Ammon Lyle joined the UNL Milwaukee chapter at the beginning of 9th grade. His senior year of high school, Ammon received Usher’s UNCF scholarship, which afforded him a full-ride to Howard University. Today, he is a junior in college there studying Finance. This past summer, he completed a coveted internship at Goldman Sachs. Recently, he was invited to attend BET’s Black Men in Media and Entertainment Panel at the White House. Read his blog about it below!

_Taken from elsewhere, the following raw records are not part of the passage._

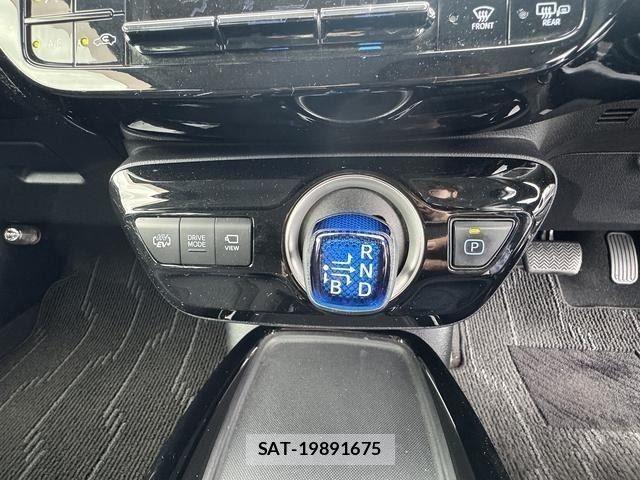 Toyota PRIUS PHV 2019-05 8881716-26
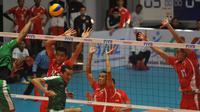 Timnas voli Indonesia berpeluang ke babak perempat final Kejuaraan Asia 2017 setelah menang 3-1 atas Arab Saudi pada laga perdana Grup A di GOR Tri Dharma, Gresik, Senin (24/7/2017). (Bola.com / Fahrizal Arnas)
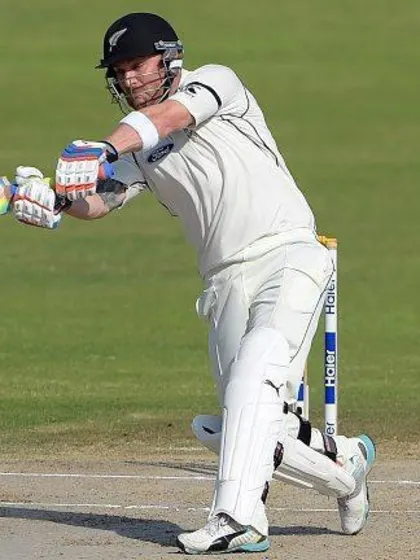 McCullum, Williamson star for New Zealand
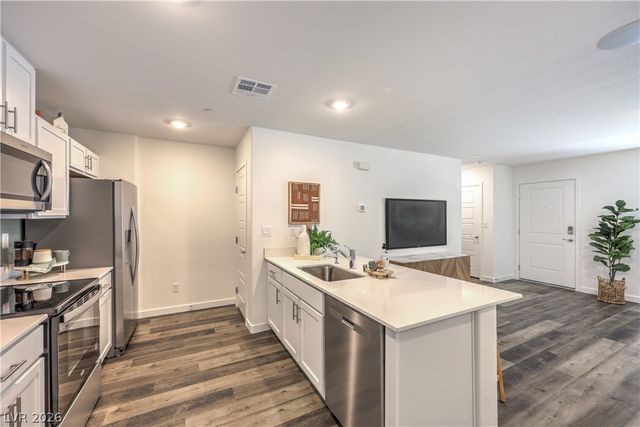 969 Appian Way, Las Vegas, NV 89107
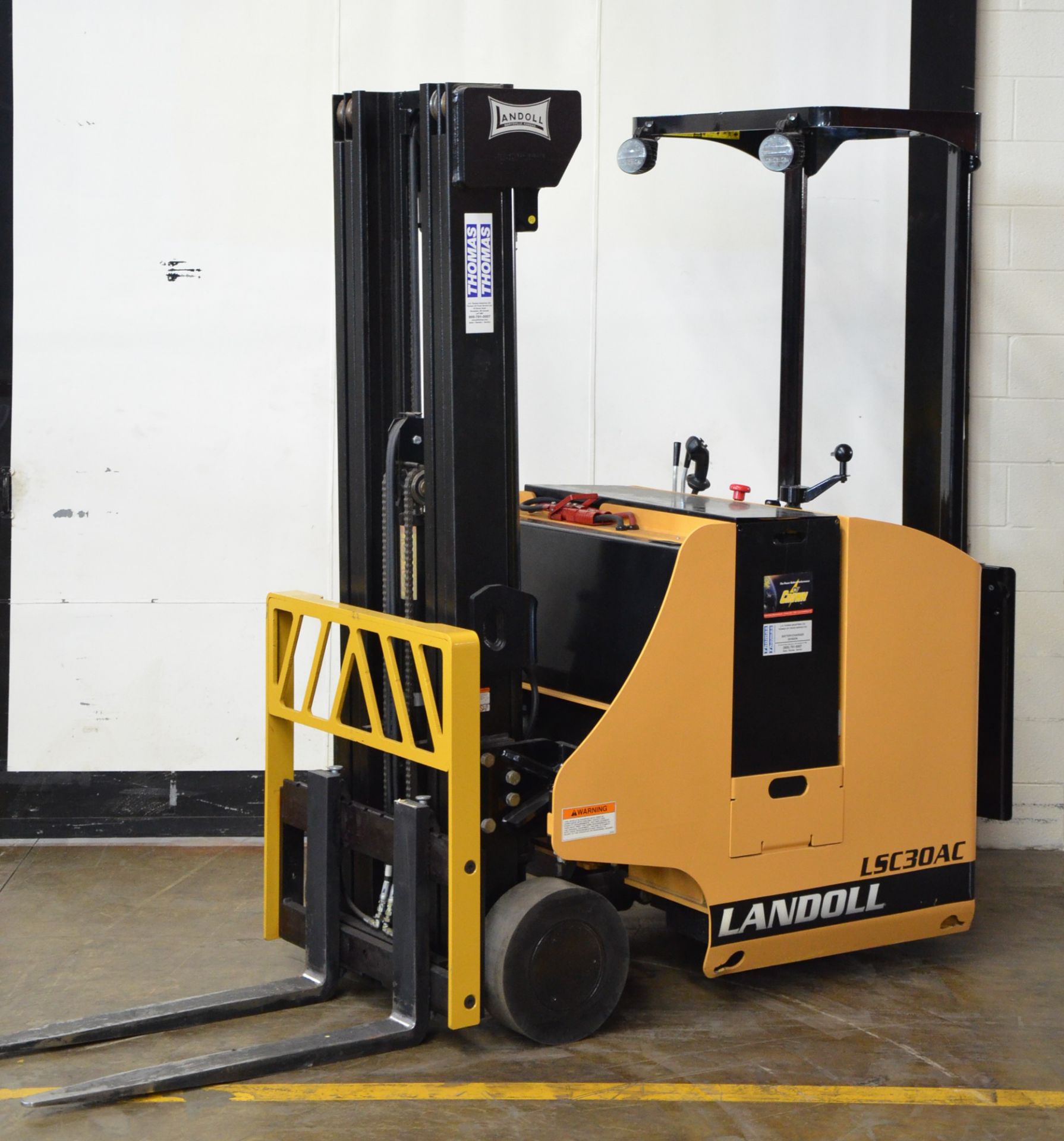 DREXEL LANDOLL (2012) LSC30 24V ELECTRIC STAND-UP COUNTERBALANCE FORKLIFT WITH 3,000 LB CAPACITY,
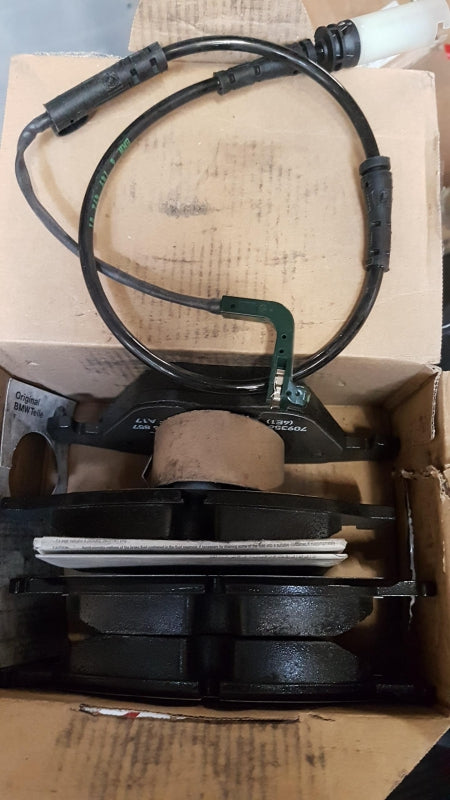 Original BMW 5' E60 E61 6' E63 E64 Bremsbeläge mit Warnkontakt Vorne 34112339270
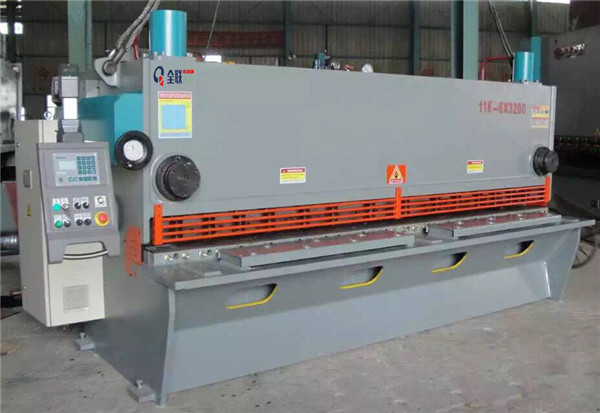 西安液壓閘式(shì)剪闆機 西安液(ye)壓閘式剪闆機(jī)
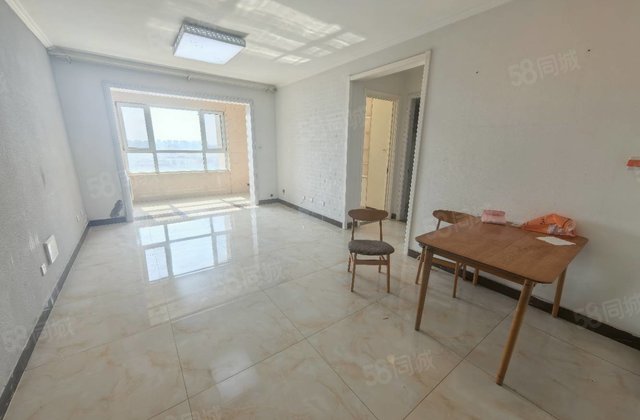 建设路路南 采光好 精装 水晶丽城温馨两室 免大税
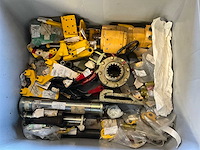 Diverse onderdelen, gereedschappen en accessoires - afbeelding 1 van  13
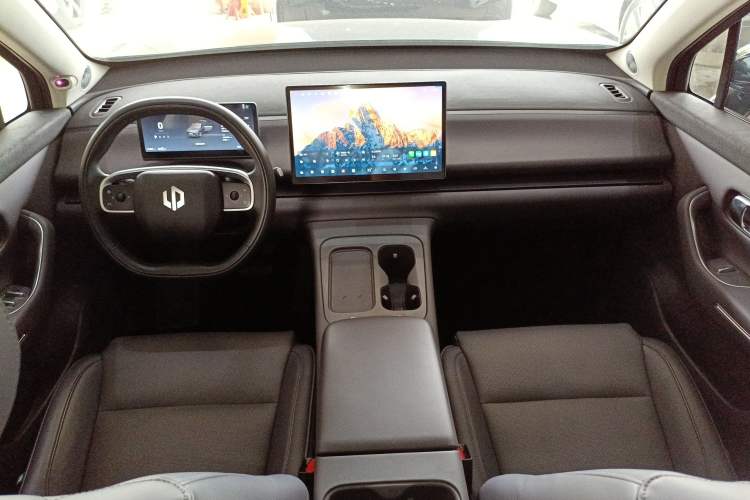 Used Leapmotor C16 2024 Pure Electric 520 Deluxe Edition Center Console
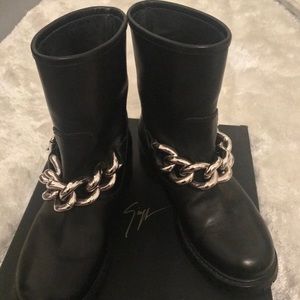 Giuseppe Zanotti Chain Bootie !!!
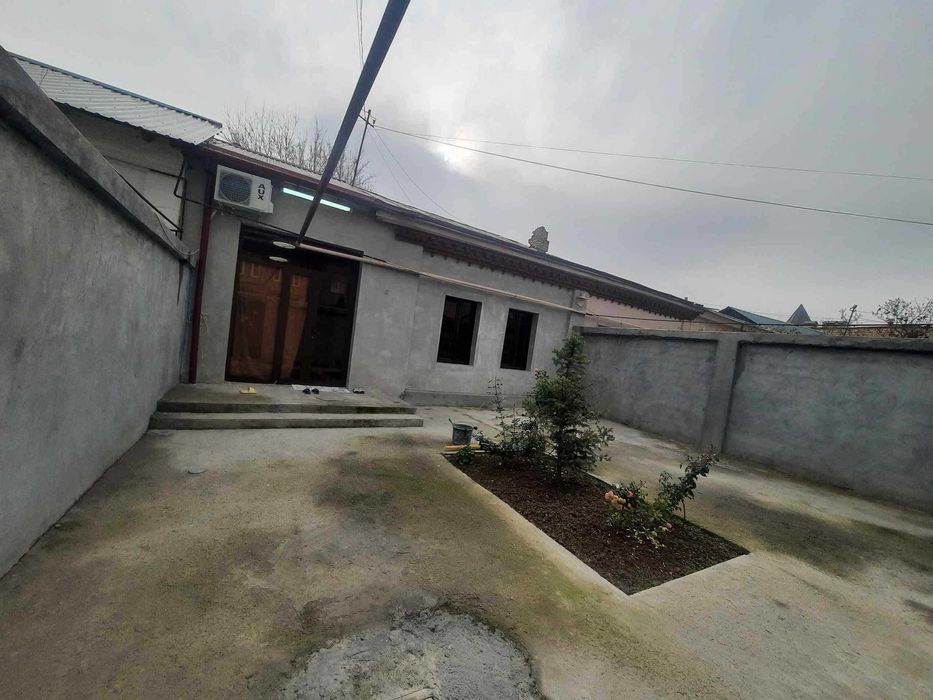 Срочно продается участок 11,2 соток,6 комнат,Файзобод.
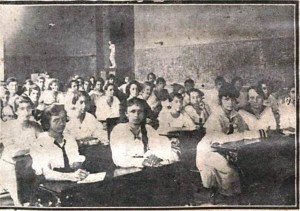 Alunas da Escola Orsina da Fonseca. [O Malho, 24/3/1917]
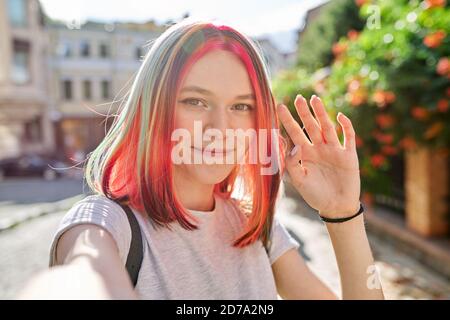 Teenager-Mädchen mit trendigen Frisur, junge Mode Kunst Blogger Aufzeichnungen Stream in der Stadt Stockfoto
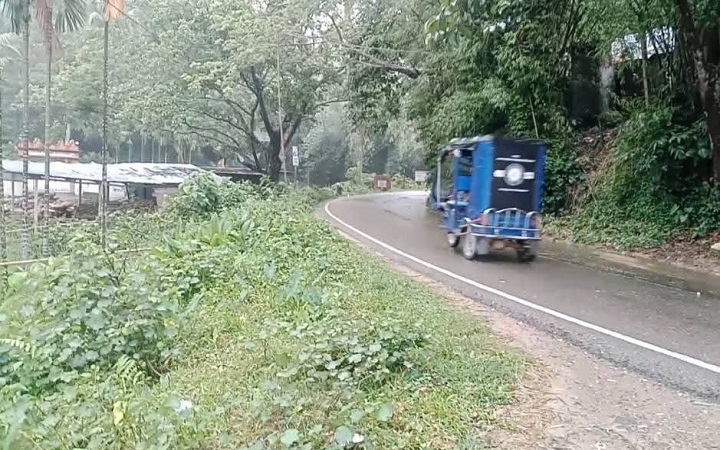 ঢাকাদক্ষিণ-ভাদেশ্বর সড়কের বেহাল দশা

Mentors, Milestones and Motivation
January 21st, 2016 Voice, Power, Legacy. These are themes that echoed throughout BET Network’s Black Men in Media and Entertainment Panel that was hosted at the White House on Thursday, January 21st, 2016. High School males from across Washington, DC were invited along with special guests from BET, Viacom and the White House to participate in a discussion on being Black and having aspirations to join the entertainment industry. The panel consisted of moderator, Michael Smith—Special Assistant to the President and Senior Director of Cabinet Affairs for the My Brother’s Keeper Initiative, Michael D. Armstrong—The Executive Vice President and General Manager of International Brand Development for Viacom International Media Networks, Mathew Barnhill—The Executive Vice President of Market Research at BET Networks, Richard Gay—The Executive Vice President of Strategy and Operations for BET, and Jeron Smith—A Howard University Alum and Forbes 30 under 30 that serves as the Deputy Director in the Office of Digital Strategy for the White House. The discussion mostly revolved around challenges each individual panelist overcame in order to reach their career accomplishments. More importantly, a discussion around BET’s responsibility as the Voice and image of an entire race sparked an interesting conversation. Overall, the event was well planned, executed amazingly, and provided an amazing opportunity for students to network. I was able to receive the contact information of each panelist and start discussions of future events and opportunities with the panelists. In fact, I was able to secure Jeron Smith for a panel event at Howard University February 18th, 2016 to discuss The Black Image in Politics. My personal takeaway from the event was to always aspire to inspire the next generation. Collectively, our people are still struggling and each hand that reaches back to help pull another person up propels the progression of our identity. It is our duty to manifest our legacy and to truly link the voice of the African Diaspora.